Na Humanae vitae, são Paulo VI escreveu que “qualquer ação que antes, no momento ou depois da relação sexual, seja especificamente destinada a impedir a procriação – seja como fim ou como meios” é “excluída”, como um meio ilegal de controle de natalidade.

O padre Thomas Petri, O.P., presidente da Casa Dominicana de Estudos em Washington, D.C. e teólogo moral, disse à CNA, agência em inglês do grupo ACI, que “mesmo que qualquer encíclica em particular” como Humanae vitae “não seja infalível, o ensinamento que apresenta é de fato irreformável, porque faz parte do magistério ordinário e universal da Igreja”.

“Na Veritatis splendor, João Paulo II diz que a contracepção é um ato intrinsecamente mau, portanto não pode haver razão ou propósito para a contracepção. Bento XVI fez vários discursos nos quais falou sobre contracepção, e isso não pode ser mudado. O que era verdade ontem é verdade hoje”, observou Petri.
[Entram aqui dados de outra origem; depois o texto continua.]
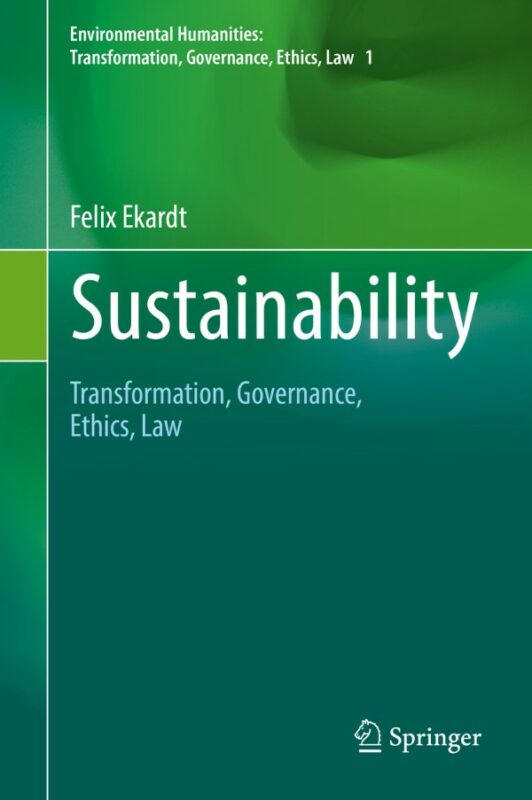 Cover for Sustainability book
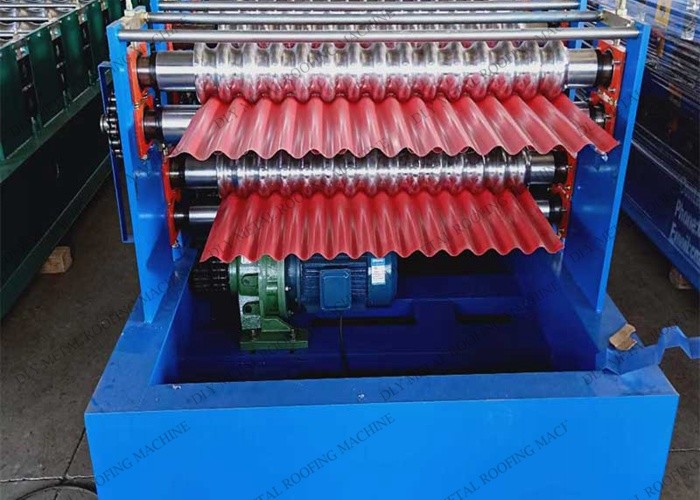 Automatic Plc Corrugated Roof Sheeting Machine 480v 1.25m Metal Forming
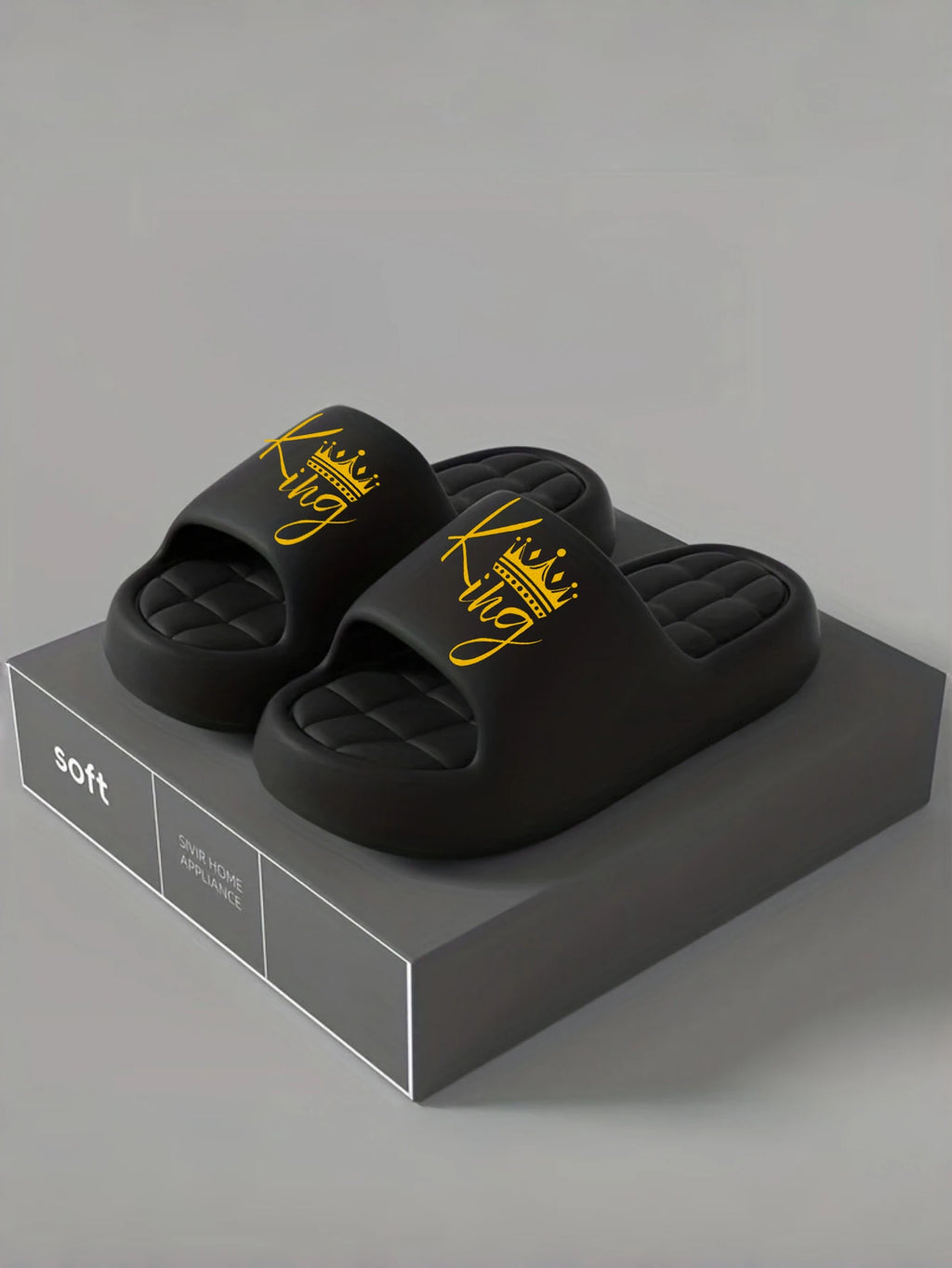 New Casual Innovative Design King Unisex Eva Soft-Soled Lightweight Home Slippers High-Quality Exclusive Brand Slippers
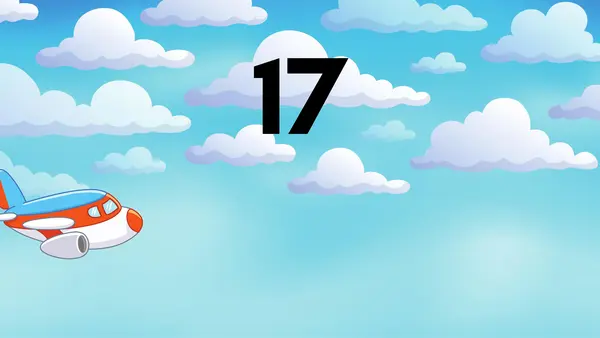 Conteo descendente del 20 al 1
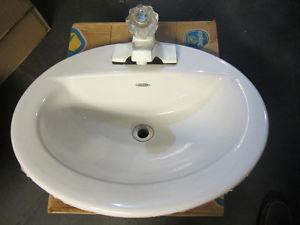 Bathroom sink and tap faucet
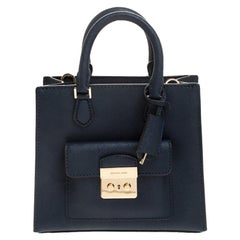 MICHAEL Michael Kors - Sac cabas Bridgette en cuir bleu Saffiano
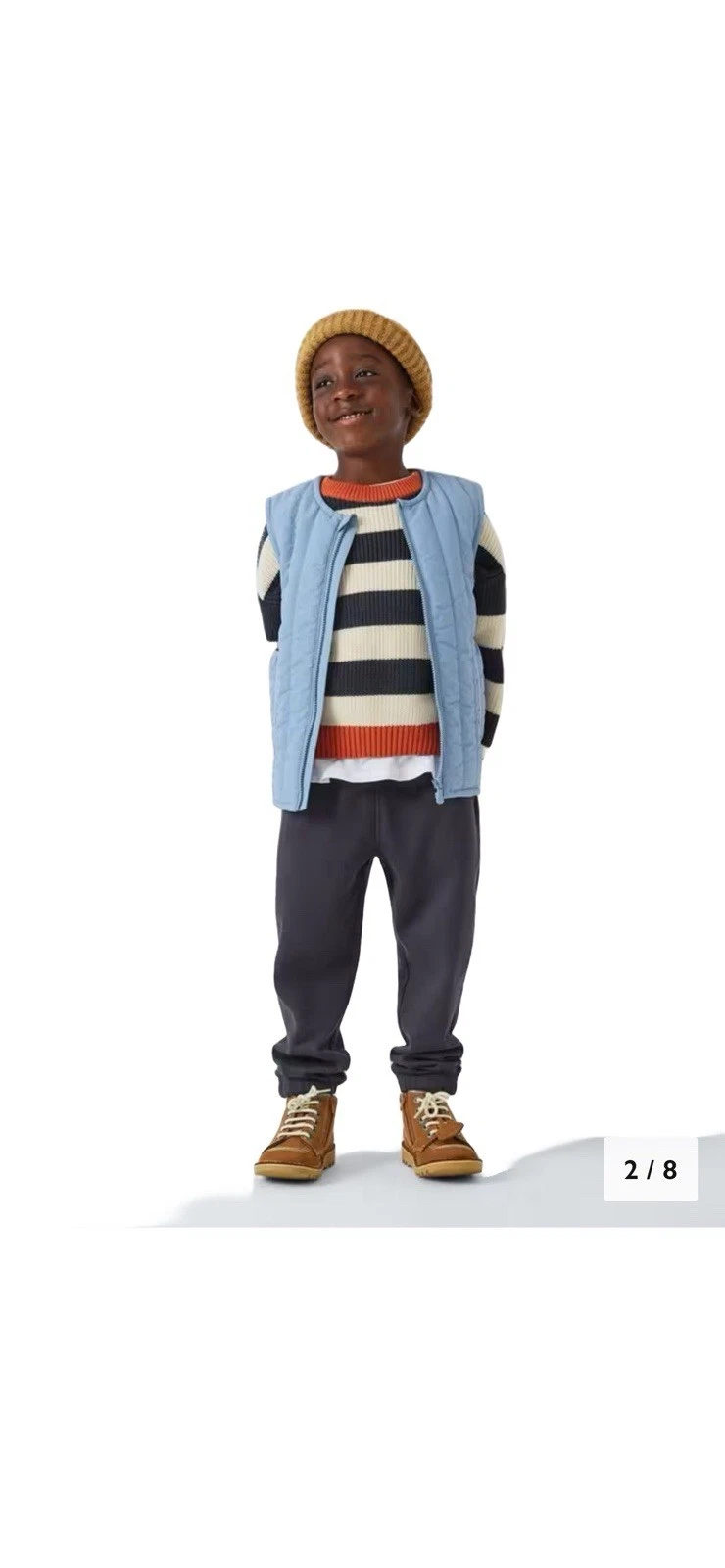 John Lewis Boys Summer Gilet Jacket Coat Cool Blue BRAND NEW with tags thumbnail 4 of 7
“Não pode haver nenhum tipo de reversão do ensino, porque é o que sempre foi ensinado, e é assim que a teologia católica e a doutrina católica funcionam.”

Petri acrescentou que “não é útil simplesmente focar na infalibilidade e no que é chamado de infalível de uma maneira extraordinária. O Concílio Vaticano I, quando falou sobre a infalibilidade papal, foi muito claro que deveria ser um ato extraordinário”.

Petri comparou uma declaração infalível a um concílio ecumênico. Ele o descreveu como “um ato muito extraordinário, e que geralmente só acontece quando o assunto em questão, seja um assunto doutrinário ou moral, se tornou tão completamente envolvido em conflito que requer um ato tão extraordinário como um papa ou um concílio declarando algo infalível”.

“Normalmente, não é assim que o ensino da Igreja funciona – é por isso que o magistério comum é importante.”